> _Source material_
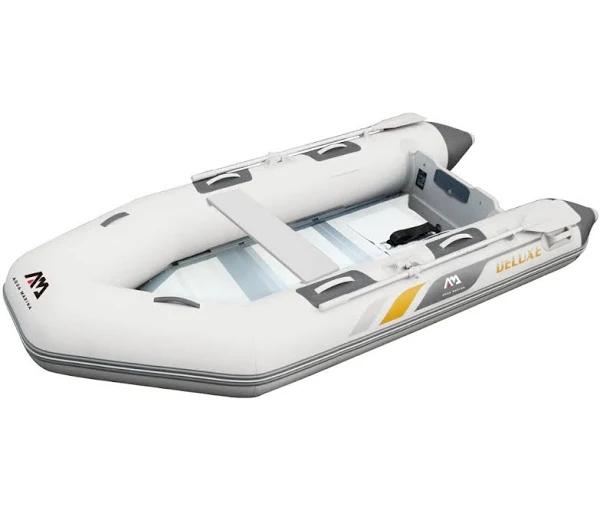 Aqua Marina Deluxe Sports Aluminium Deck Boat - 3.3m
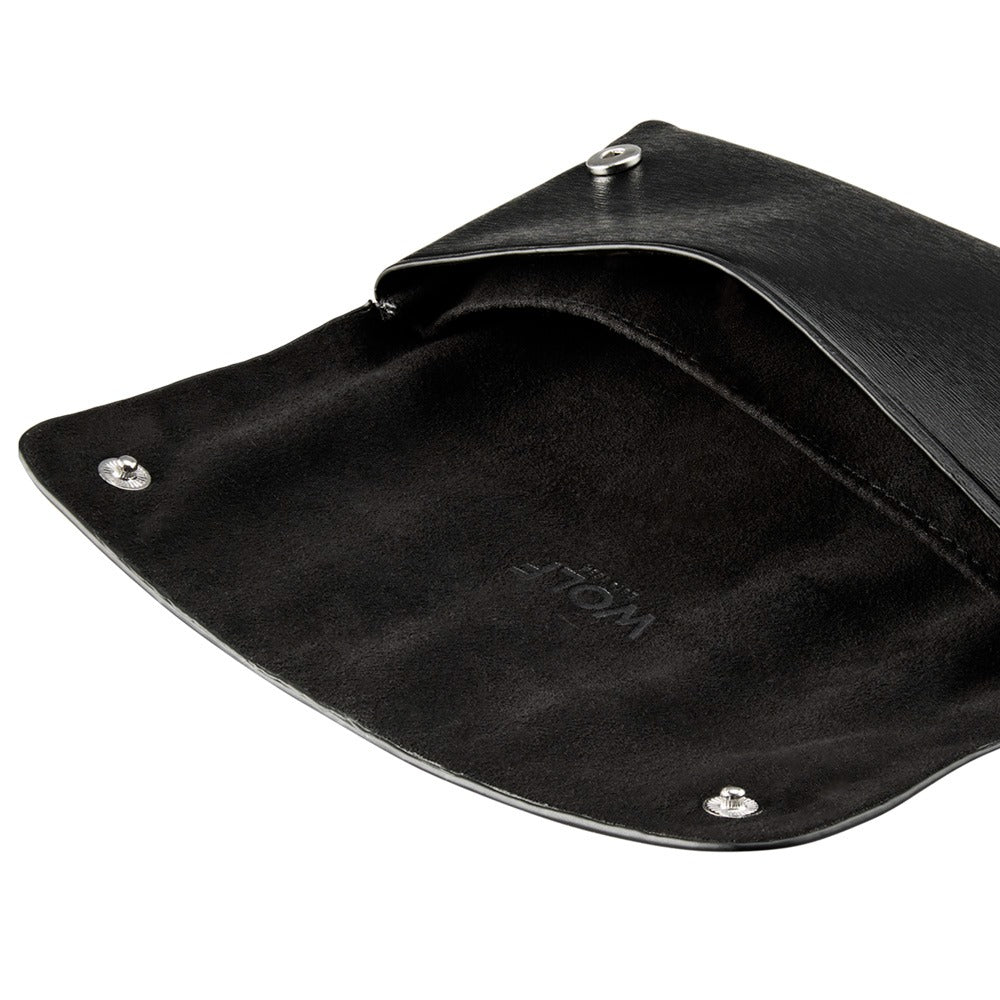 WOLF 1834 - Philipp Double Watch Wrap - Black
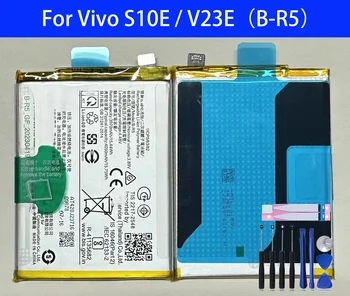 100% Оригинальный сменный аккумулятор B-R5 для аккумуляторов VIVO S10e + инструменты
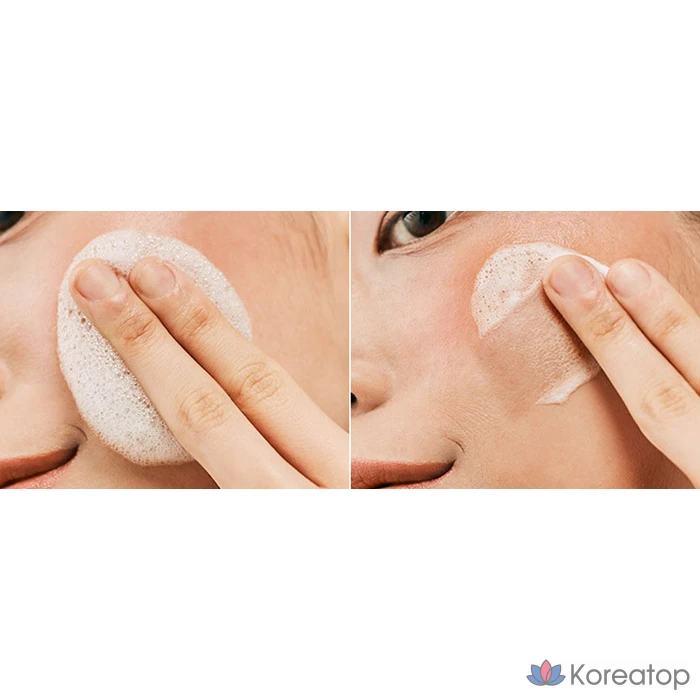 Пенка для глубокого очищения кожи Happy Bath Micro Clean Deep Bubble Cleansing Foam, 300 мл, 1 шт.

> _The task_
The answer is to be the lines of the listing from the first through the one with "100% Оригинальный сменный", reproduced exactly, without any pictures.

> _Your solution_
 Aqua Marina Deluxe Sports Aluminium Deck Boat - 3.3m
 WOLF 1834 - Philipp Double Watch Wrap - Black
 100% Оригинальный сменный аккумулятор B-R5 для аккумуляторов VIVO S10e + инструменты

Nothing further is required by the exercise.